TO DO >> From the line holding "eormoe Kitchen Sink" through the line holding "Kique Long Sleeve Cover-Up" below, write out every line exactly; include both of those lines and drop the pictures.

RECORDS TO USE >>
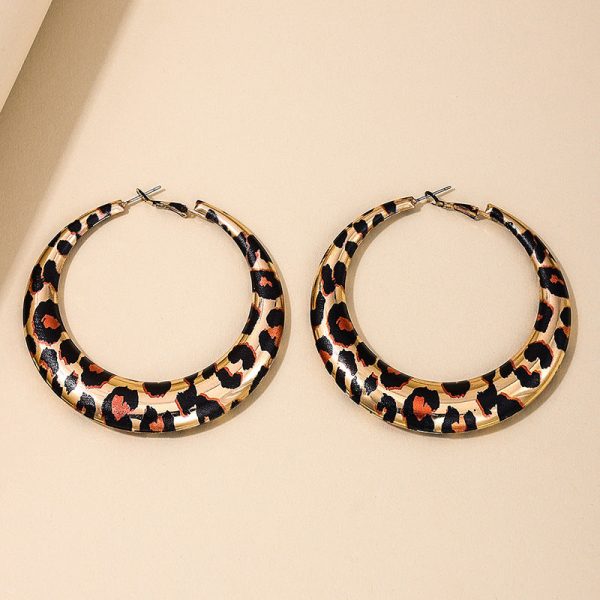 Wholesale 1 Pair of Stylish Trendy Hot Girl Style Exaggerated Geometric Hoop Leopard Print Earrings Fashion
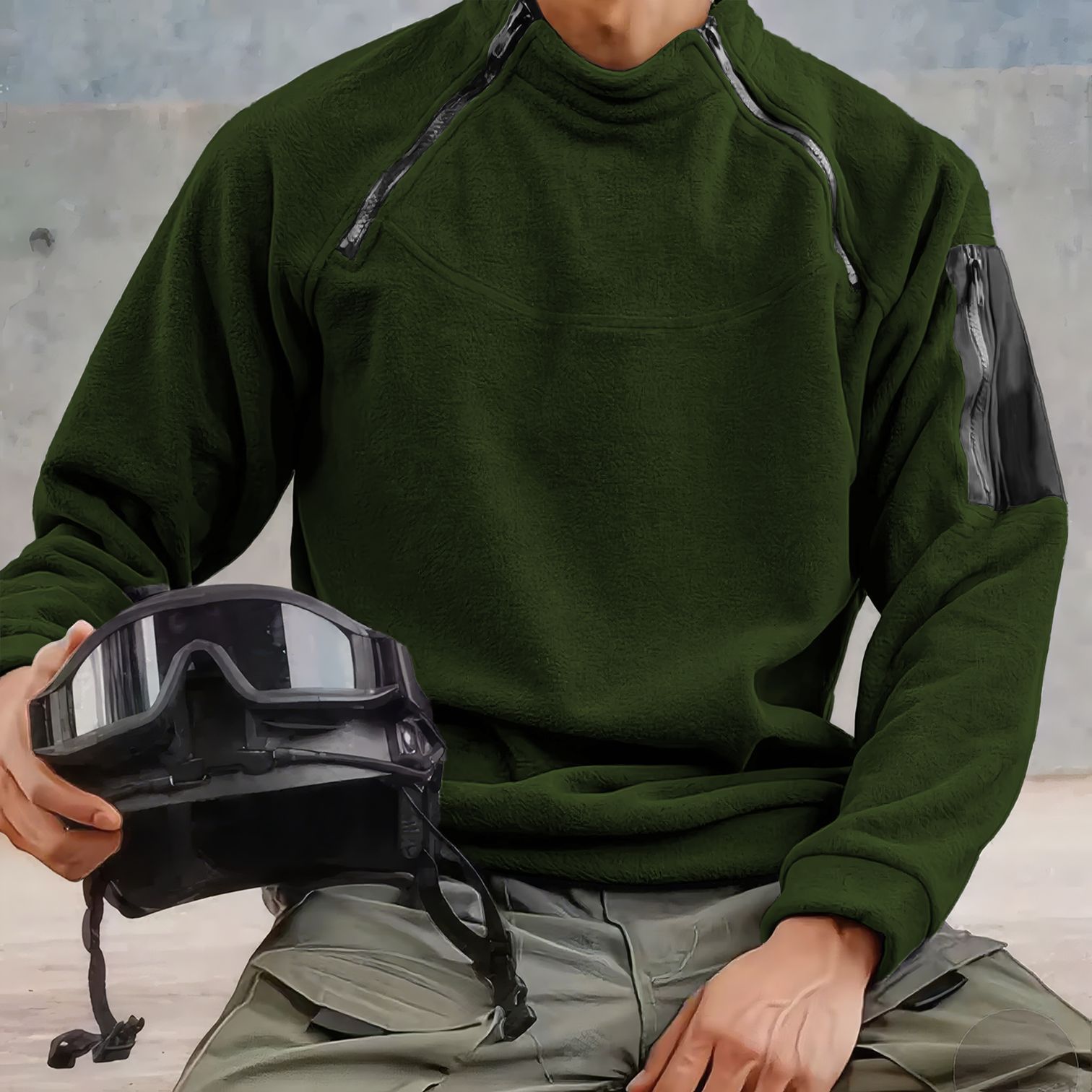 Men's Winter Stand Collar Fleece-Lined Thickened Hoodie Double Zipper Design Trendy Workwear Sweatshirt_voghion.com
---
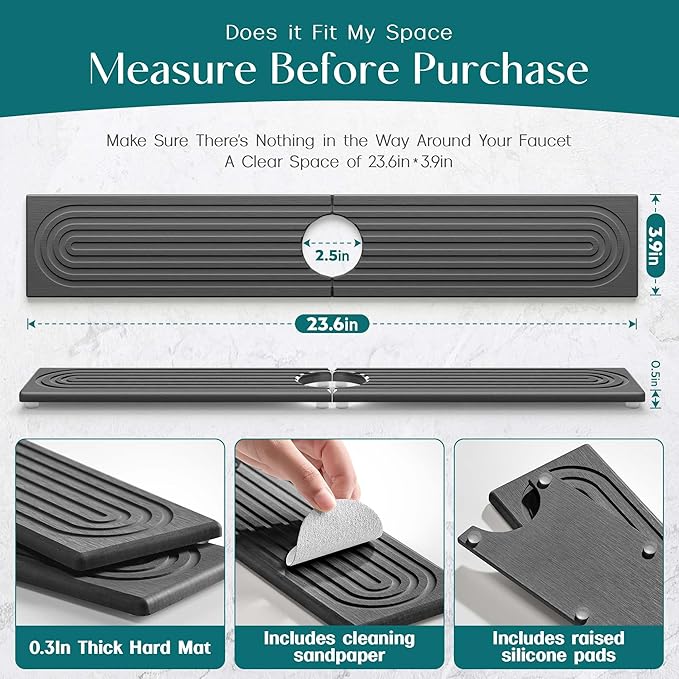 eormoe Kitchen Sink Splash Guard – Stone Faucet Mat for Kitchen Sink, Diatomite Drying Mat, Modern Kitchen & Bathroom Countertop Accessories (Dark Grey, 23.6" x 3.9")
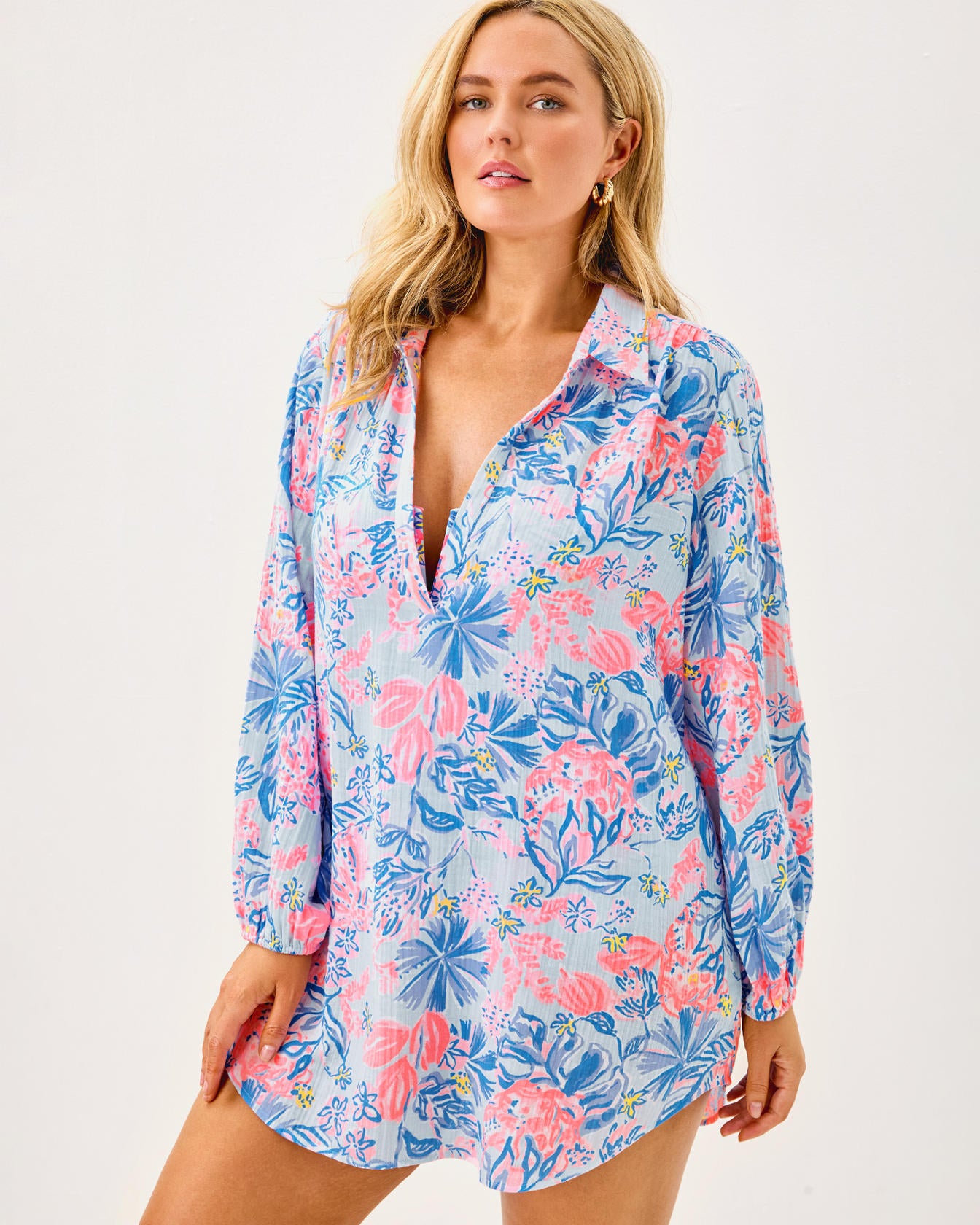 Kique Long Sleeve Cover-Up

SOLUTION TO THE EXERCISE >>
 eormoe Kitchen Sink Splash Guard – Stone Faucet Mat for Kitchen Sink, Diatomite Drying Mat, Modern Kitchen & Bathroom Countertop Accessories (Dark Grey, 23.6" x 3.9")
 Kique Long Sleeve Cover-Up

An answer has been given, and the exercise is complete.